▸ **Work required**
From the entries below, write out exactly the lines between the line holding "Social Media Management" and the line holding "Губернатор отметил рост", inclusive, excluding any pictures.

___ Data to use

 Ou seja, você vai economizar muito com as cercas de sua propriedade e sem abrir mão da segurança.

______
___ Data to use

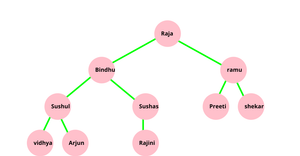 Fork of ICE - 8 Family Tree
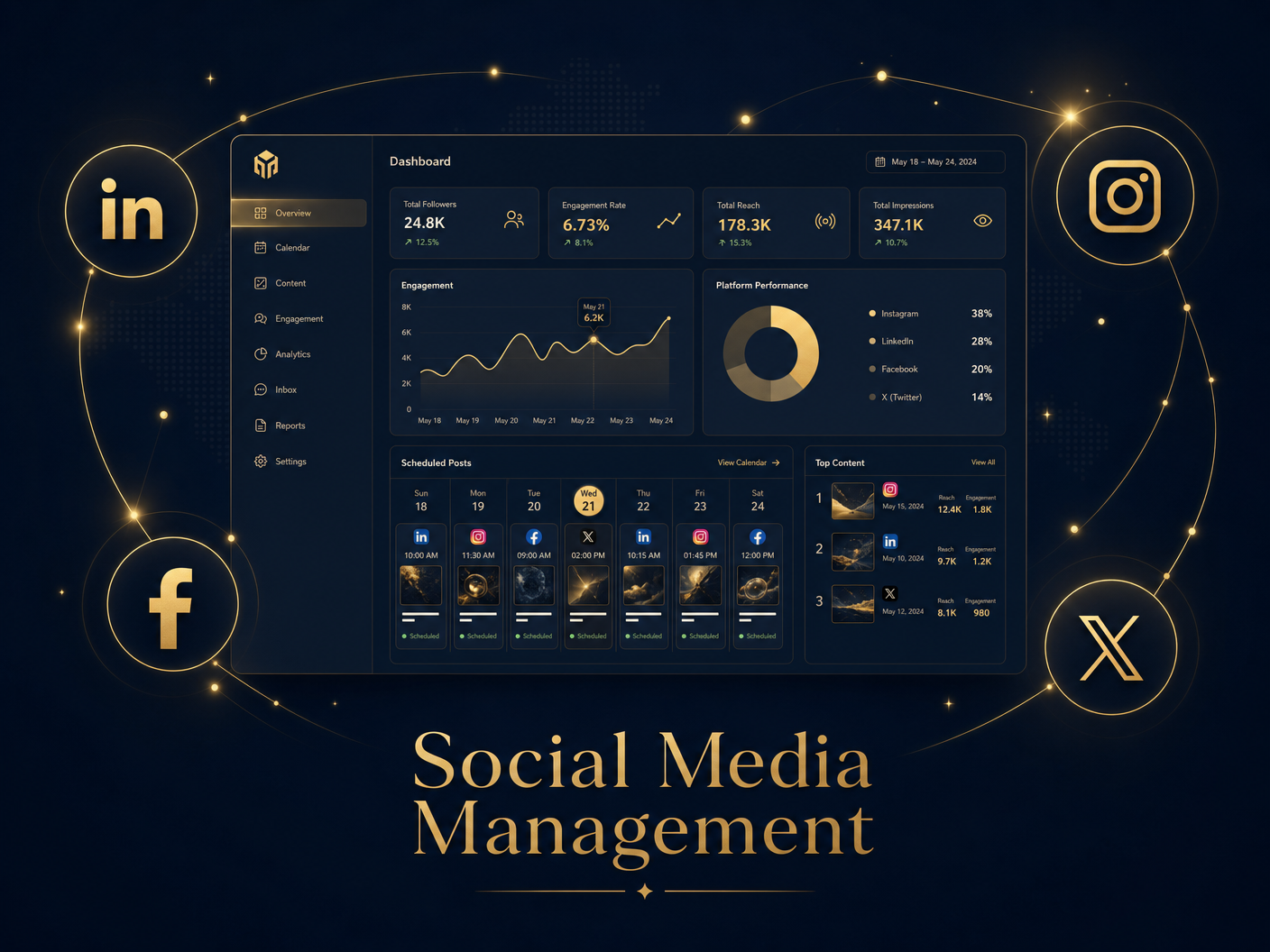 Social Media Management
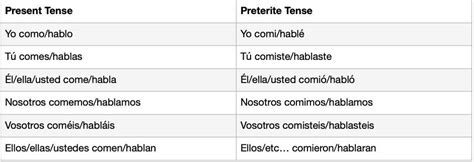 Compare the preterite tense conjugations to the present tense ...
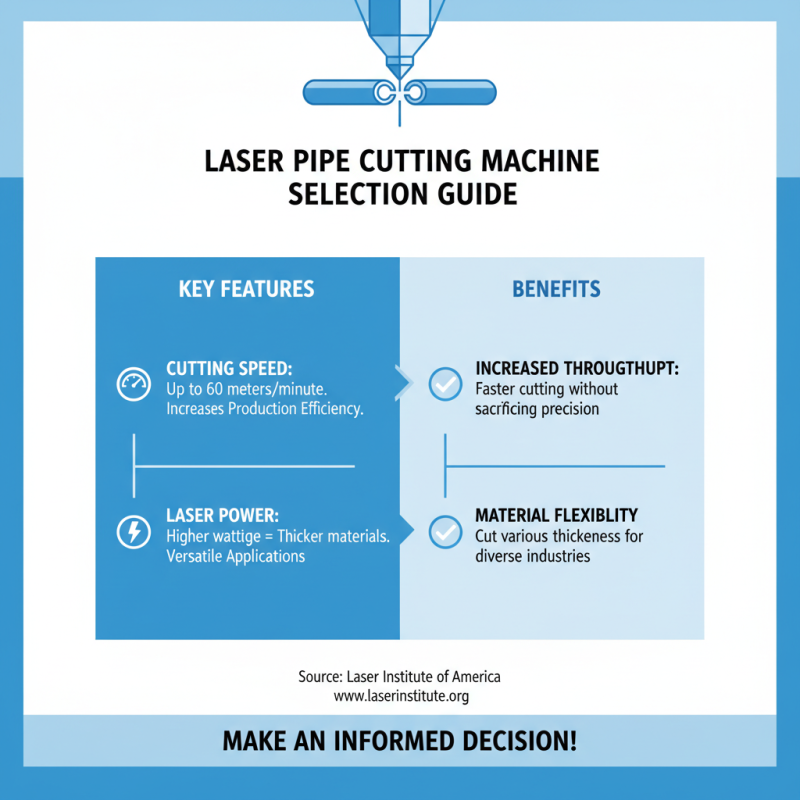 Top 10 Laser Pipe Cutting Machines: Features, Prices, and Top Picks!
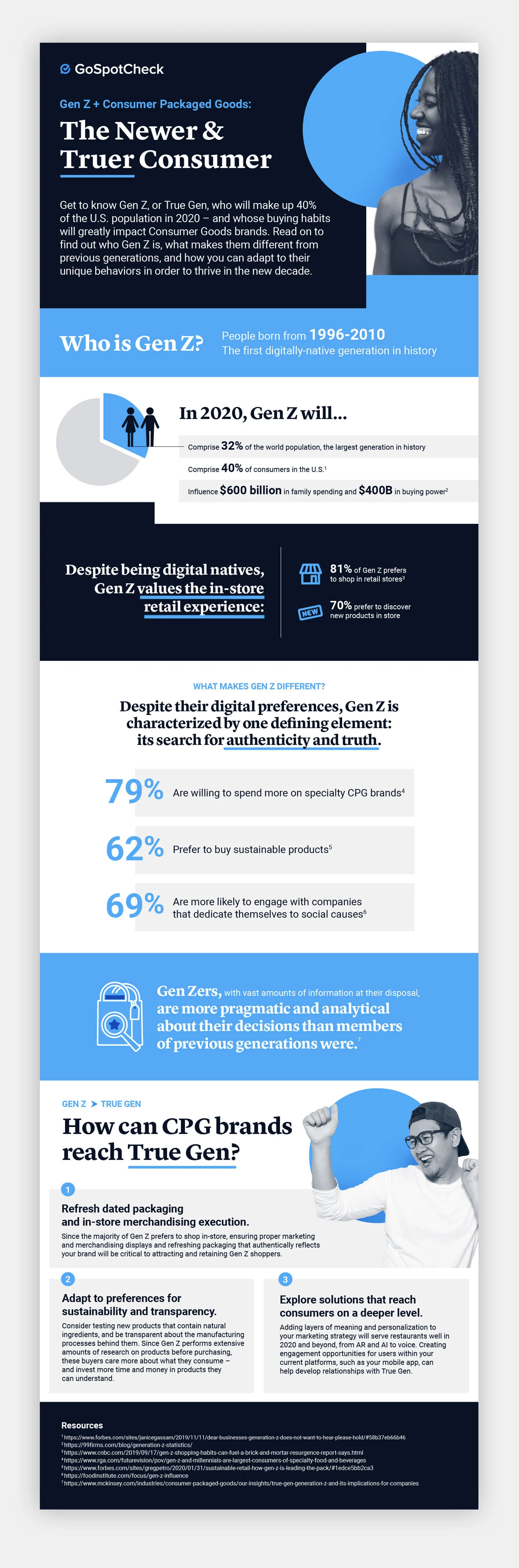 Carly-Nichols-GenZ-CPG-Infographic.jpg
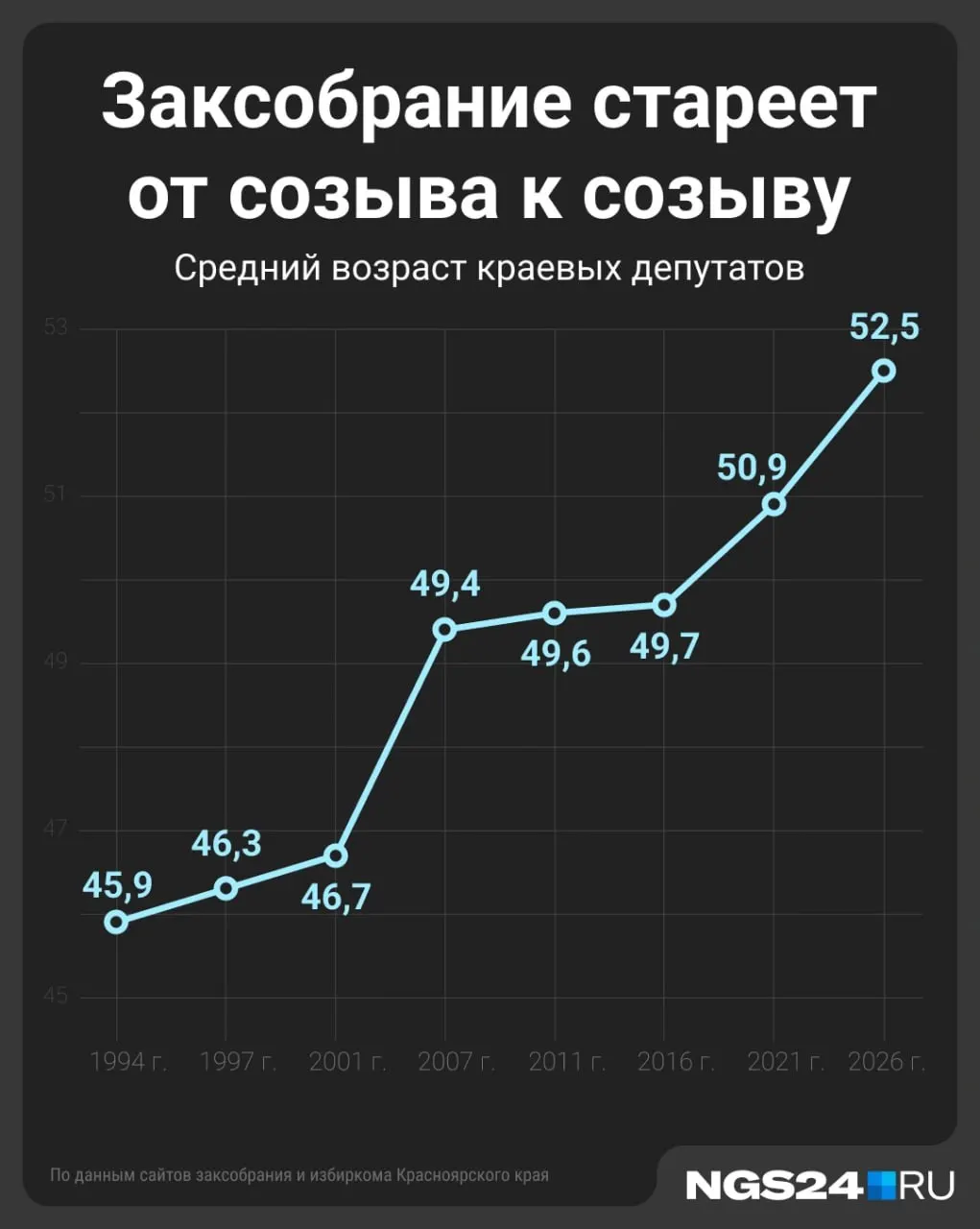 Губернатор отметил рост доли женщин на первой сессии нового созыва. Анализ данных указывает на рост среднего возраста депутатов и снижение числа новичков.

______

▸ **Reply to the task**
 Social Media Management
 Compare the preterite tense conjugations to the present tense ...
 Top 10 Laser Pipe Cutting Machines: Features, Prices, and Top Picks!
 Carly-Nichols-GenZ-CPG-Infographic.jpg
 Губернатор отметил рост доли женщин на первой сессии нового созыва. Анализ данных указывает на рост среднего возраста депутатов и снижение числа новичков.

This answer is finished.